Il frappe à la porte de droite, premier plan.

Ohé ! Colardeau, ohé !

 

 

Scène III

 

PONTBICHET, COLARDEAU

 

COLARDEAU, dans la coulisse.

Hein ?... je dors !

PONTBICHET.

C’est égal, lève-toi.

COLARDEAU, de même.

C’est vous, monsieur Pontbichet ?

PONTBICHET.

Oui, dépêche-toi.

La porte s’entrouvre, et la tête de Colardeau paraît coiffée d’un bonnet de coton.

COLARDEAU.

Vous êtes incommodé, beau-père ?

PONTBICHET.

Non, Colardeau, je m’ennuie...

COLARDEAU, riant très fort.

Ah ! ah ! ah !

PONTBICHET, à lui-même.

J’ai encore dit quelque chose de drôle.

À Colardeau, qui rit toujours.

C’est bien... Je t’ai réveillé pour que tu me tinsses compagnie.

COLARDEAU.

Compagnie ? tout de suite ?

PONTBICHET.

Parbleu ! ce n’est pas la semaine prochaine.

COLARDEAU, riant.

Ah ! ah ! ah !

S’arrêtant tout à coup.

Cristi ! que j’ai envie de dormir.

PONTBICHET.

Voyons, quand tu resteras là... Entre.

COLARDEAU.

C’est que je vais vous dire... je ne suis pas vêtu... Je suis en bannière.

PONTBICHET.

Habille-toi

COLARDEAU.

C’est que je vais vous dire... je n’ai pas mes habits, ils sont restés chez le costumier.

PONTBICHET.

Eh bien, mets ton costume.

COLARDEAU.

Oui, monsieur Pontbichet.

À part.

Cristi ! que j’ai envie de dormir !

La tête de Colardeau disparaît.

PONTBICHET, seul.

Je vais le faire rire jusqu’au jour... ça m’occupera.

 

 

Scène IV

 

DARDARD, PONTBICHET

 

DARDARD, paraissant debout sur l’appui de la fenêtre.

Ne vous dérangez pas !

PONTBICHET.

Comment ! encore vous ?

DARDARD.

Toujours !

PONTBICHET.

Et par la fenêtre !

DARDARD.

J’ai pensé que vous aviez dû fermer la porte... et nous autres enfants de la Gironde, quand on nous ferme la porte, nous sautons par la croisée...

Il saute sur la scène.

Eh donc !

PONTBICHET.

Mais qu’est-ce qui vous ramène ?

DARDARD.

Une idée. En sortant, j’ai lu votre enseigne : « Pontbichet fabricant de gants », et je me suis écrié : « J’ai besoin de gants !... »

PONTBICHET.

Monsieur, je vous préviens que je ne tiens pas le détail, ainsi...

DARDARD.

Et moi, je n’achète qu’en gros. J’en veux... voyons... j’en veux quarante mille paires !

PONTBICHET.

Quarante mille ?

DARDARD, s’asseyant.

Vous allez me les essayer, Pontbichet !

PONTBICHET.

Comment ?

DARDARD.

Dépêchez-vous, je suis un jeune homme pressé.

PONTBICHET.

Voyons, monsieur, parlez-vous sérieusement ?

DARDARD.

En affaires je suis sérieux comme un hibou.

PONTBICHET.

Et vous êtes solvable ?...

DARDARD.

Comme un jaunet, je paye comptant.

PONTBICHET, à Dardard, qui est assis.

Prenez donc la peine de vous asseoir.

DARDARD.

C’est fait.

PONTBICHET, à part.

Mais c’est une excellente affaire, quarante mille... je vais lui couler tout mon fonds de boutique.

Haut.

Monsieur, voulez-vous me permettre de passer mon pet-en-l’air ?

DARDARD.

À quoi bon ?

PONTBICHET.

Je sais trop ce que je dois à un client de votre importance... Je suis à vous dans la minute.
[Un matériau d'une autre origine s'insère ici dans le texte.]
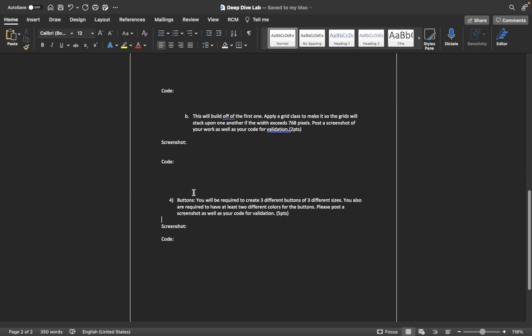The last one will be on buttons. You will be required to create three different sets of buttons in three different sizes. You will also have to be required to use at least two different colors for the buttons. Please post a screenshot as well as your code for validation.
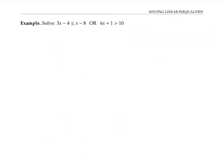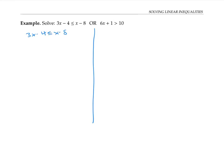This next example is a compound inequality. It has two parts: either this statement is true or this statement is true, and I want to find the values of x that satisfy either one. I'll solve each part separately and then combine them at the end. For the inequality on the left, I'll add four to both sides, then subtract x from both sides, and then divide both sides by two. I didn't have to reverse the inequality sign because I divided by a positive number.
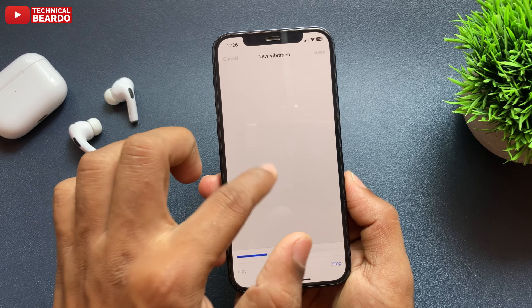Here if you see, there are by default multiple haptics available to you. But we need a custom one, so do one thing — just scroll down and here is the option called Create New Vibration. Just open Create New Vibration.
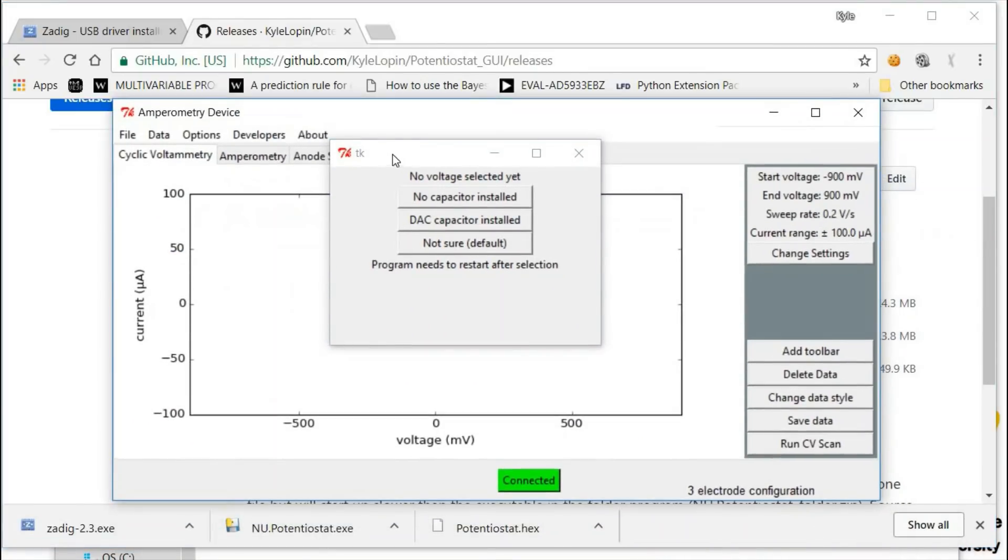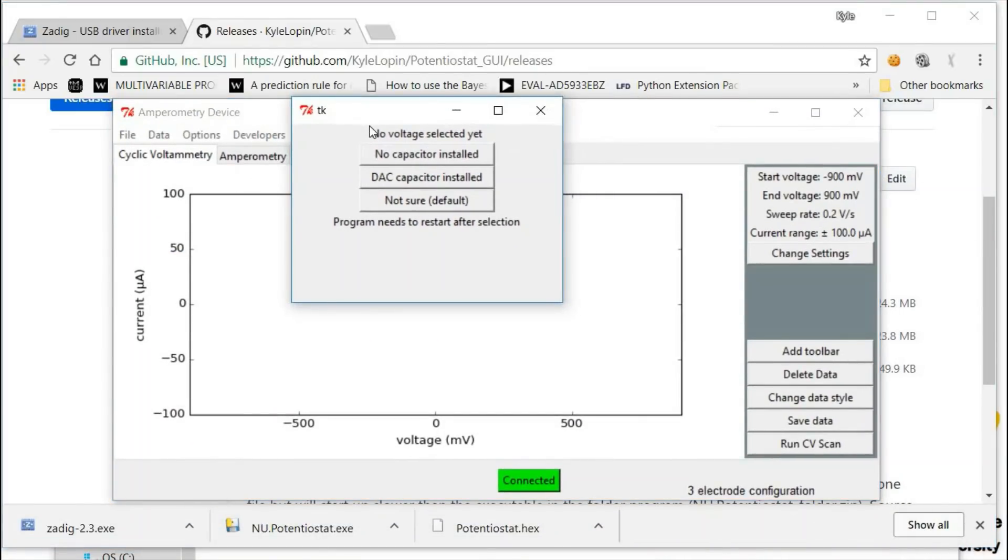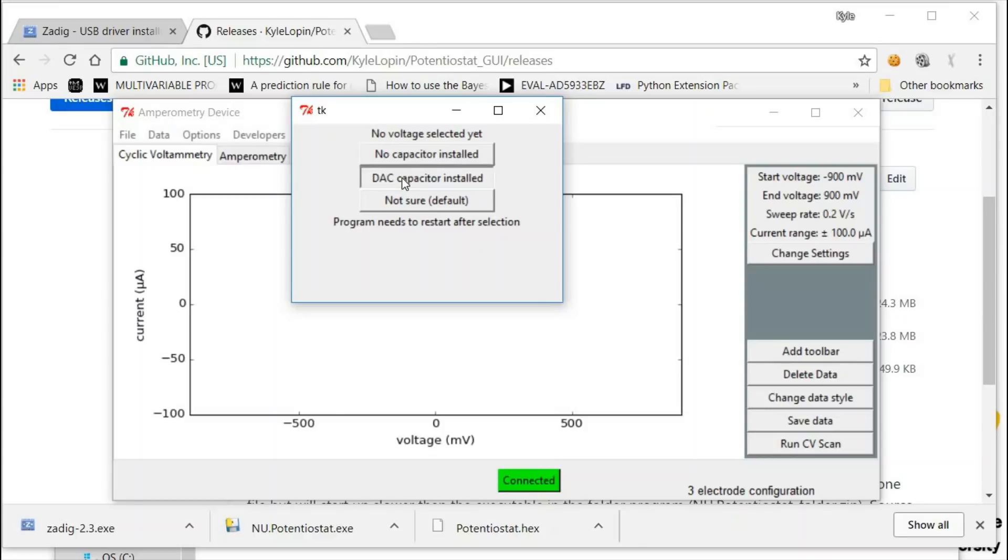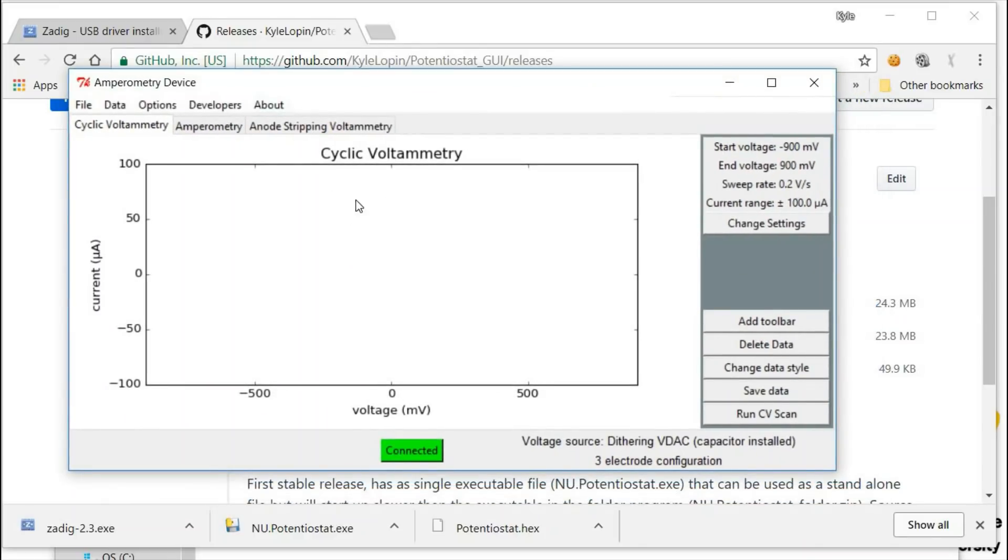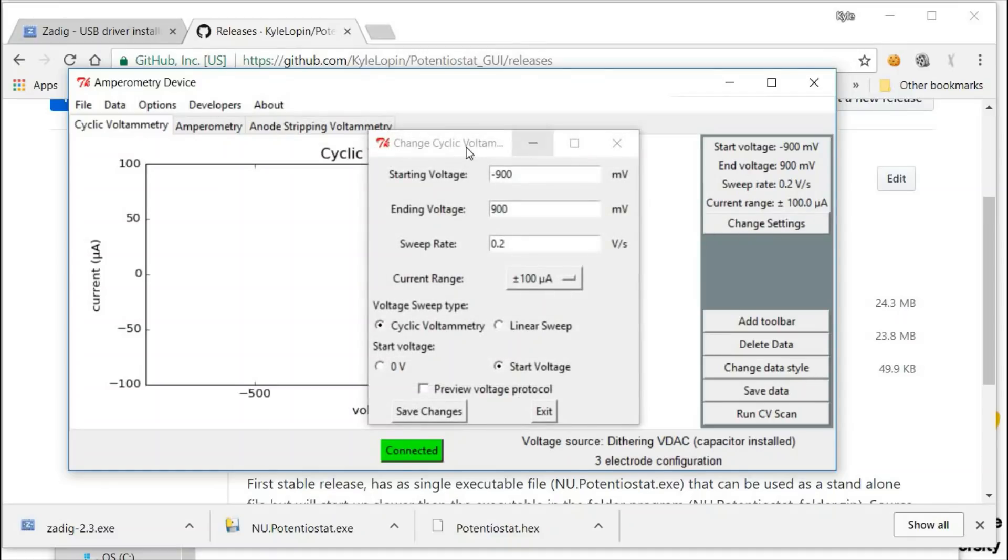When the program first pops up, it will ask you if the 12-bit DAC capacitor is installed or not. Because we soldered it on, we click that capacitor installed. Now this is the graphical user interface for the potentiostat. It currently can perform cyclic voltammetry and you can change the different settings.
Il se retire derrière les rideaux.

DARDARD, tirant son calepin.

Nous disons quarante mille paires de gants à...

À Pontbichet.

Combien vos gants ?

PONTBICHET, derrière les rideaux.

Vingt-neuf sous.

DARDARD.

Trop cher !

PONTBICHET, toujours derrière les rideaux.

Je vous les passerai à un franc.

DARDARD, calculant.

C’est vendu ! c’est une très bonne opération.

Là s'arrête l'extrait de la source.